*TASK REQUIREMENTS:* Your copy should repeat the data that follows exactly and contain no image.

*DATA SHOWN:*
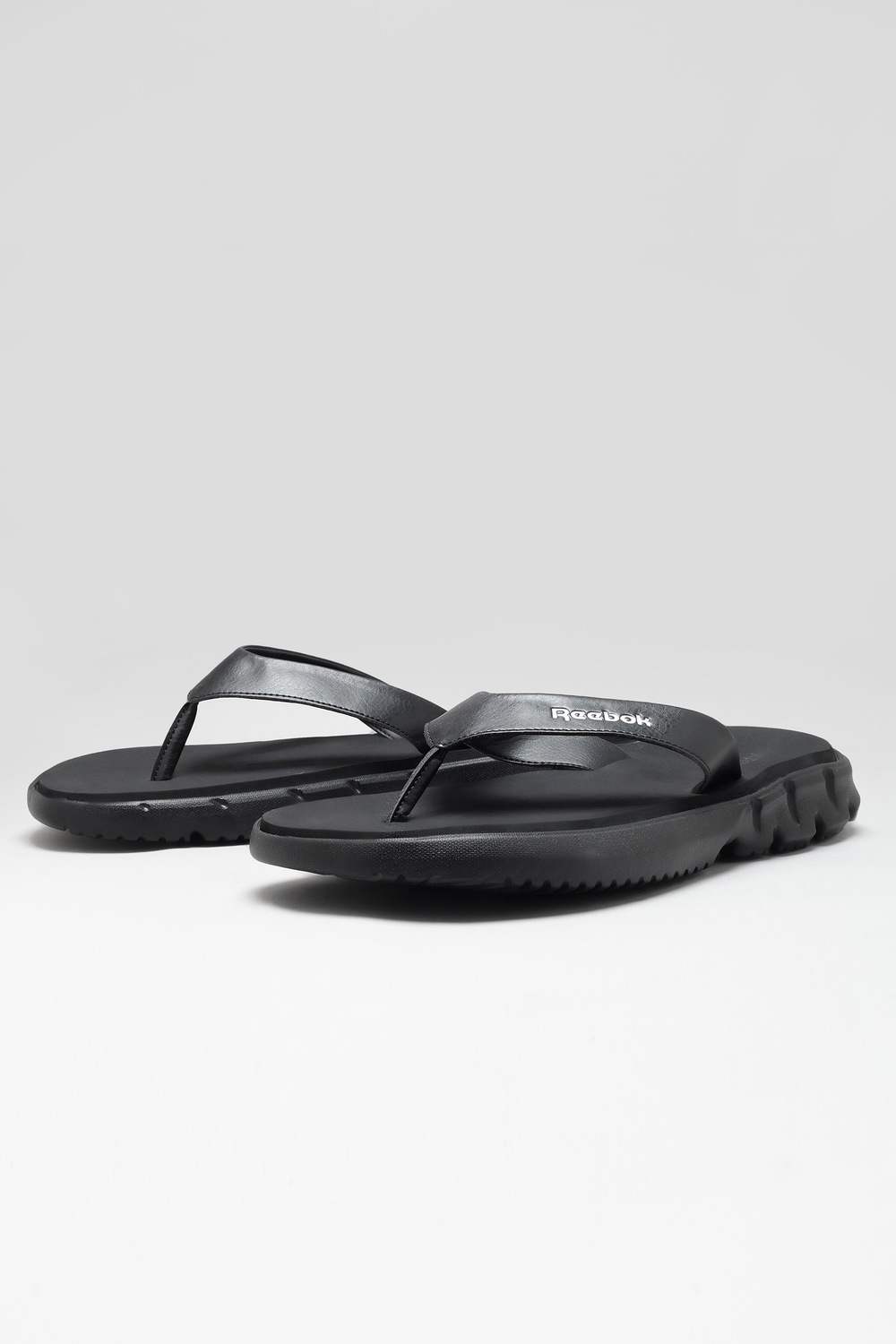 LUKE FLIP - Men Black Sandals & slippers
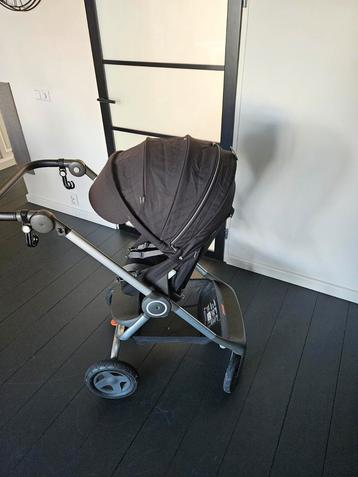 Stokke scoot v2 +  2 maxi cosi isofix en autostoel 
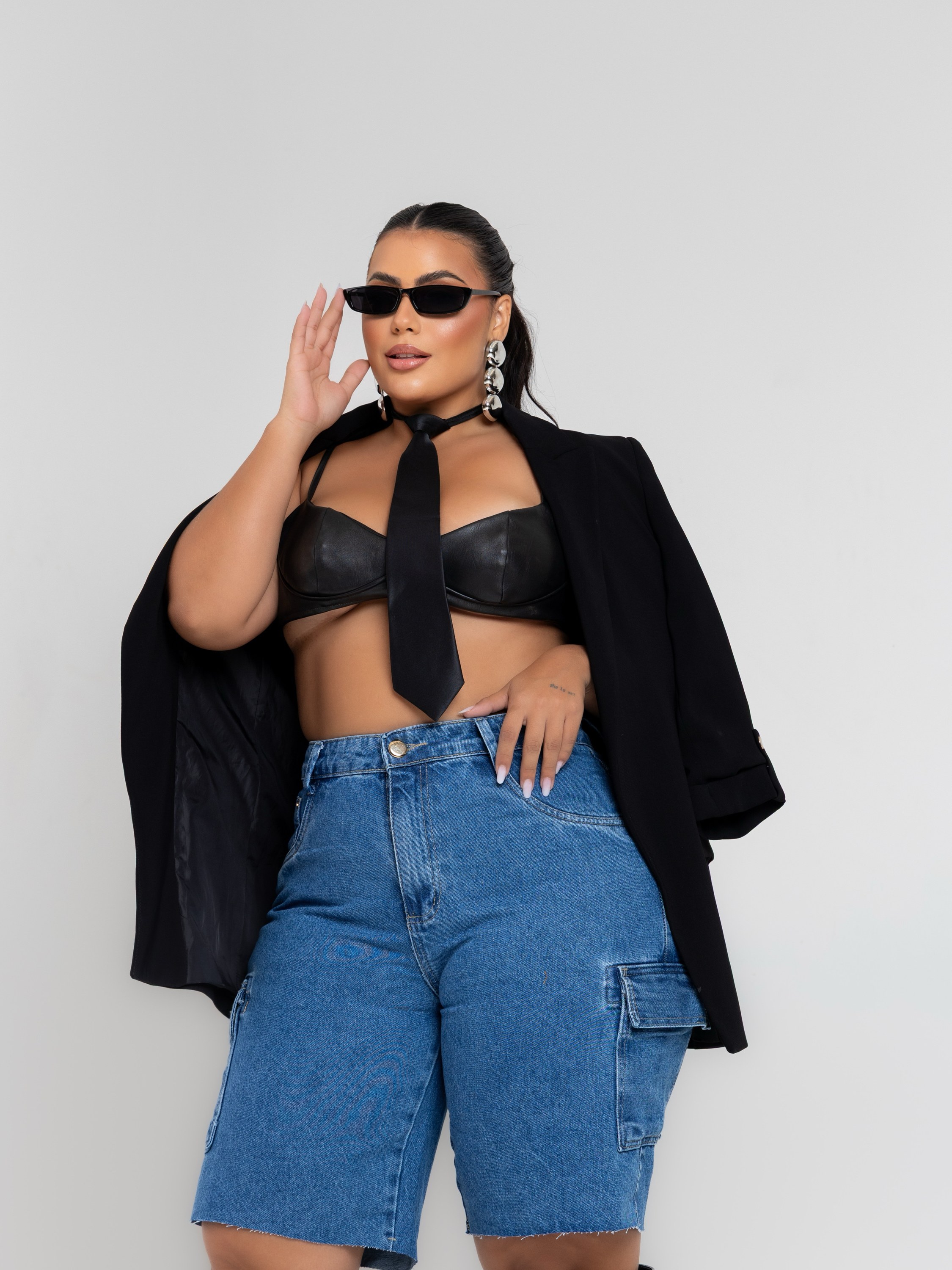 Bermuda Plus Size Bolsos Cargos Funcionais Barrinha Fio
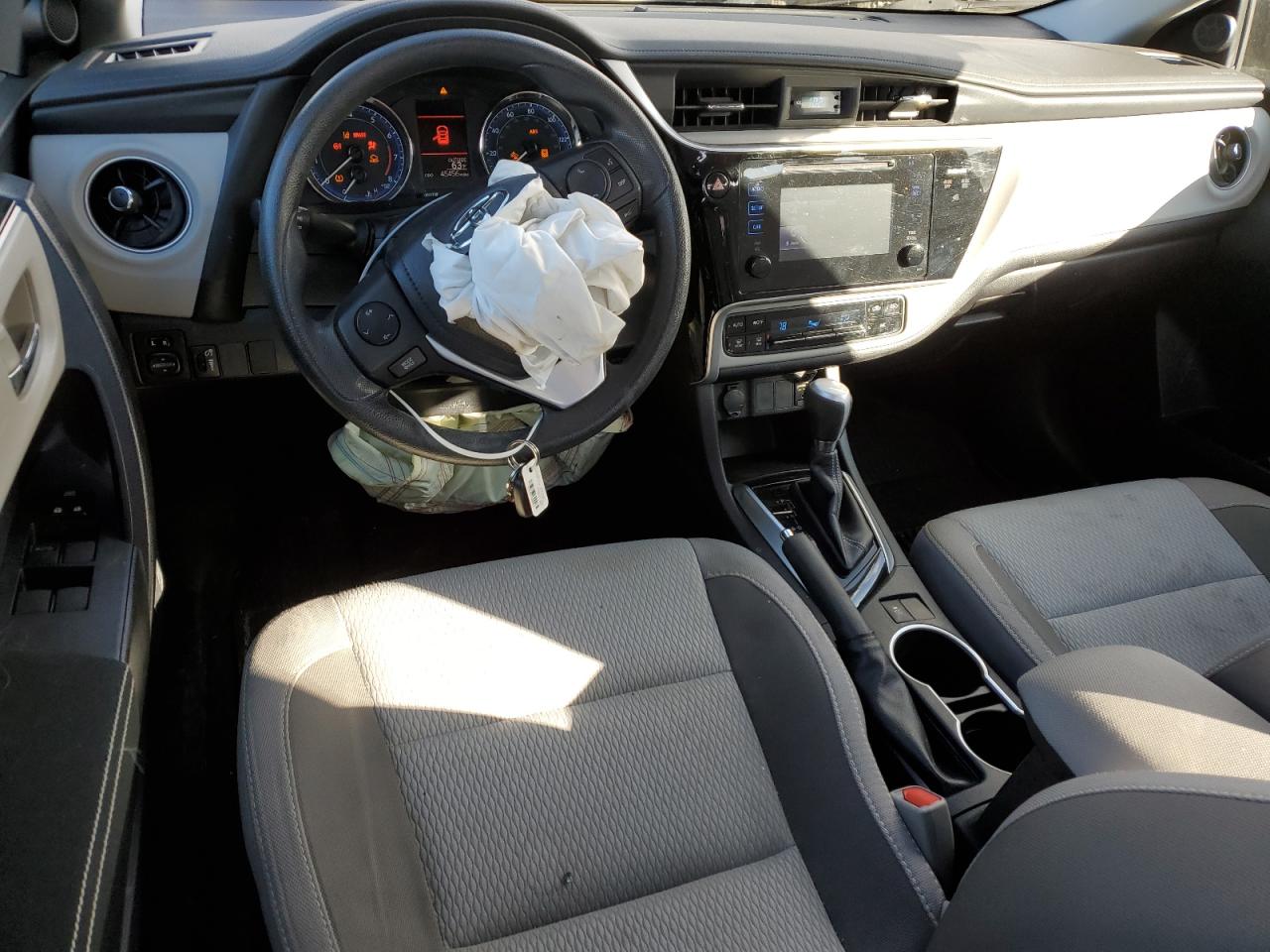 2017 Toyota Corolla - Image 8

*SOLUTION FOR THIS TASK:*
 LUKE FLIP - Men Black Sandals & slippers
 Stokke scoot v2 +  2 maxi cosi isofix en autostoel 
 Bermuda Plus Size Bolsos Cargos Funcionais Barrinha Fio
 2017 Toyota Corolla - Image 8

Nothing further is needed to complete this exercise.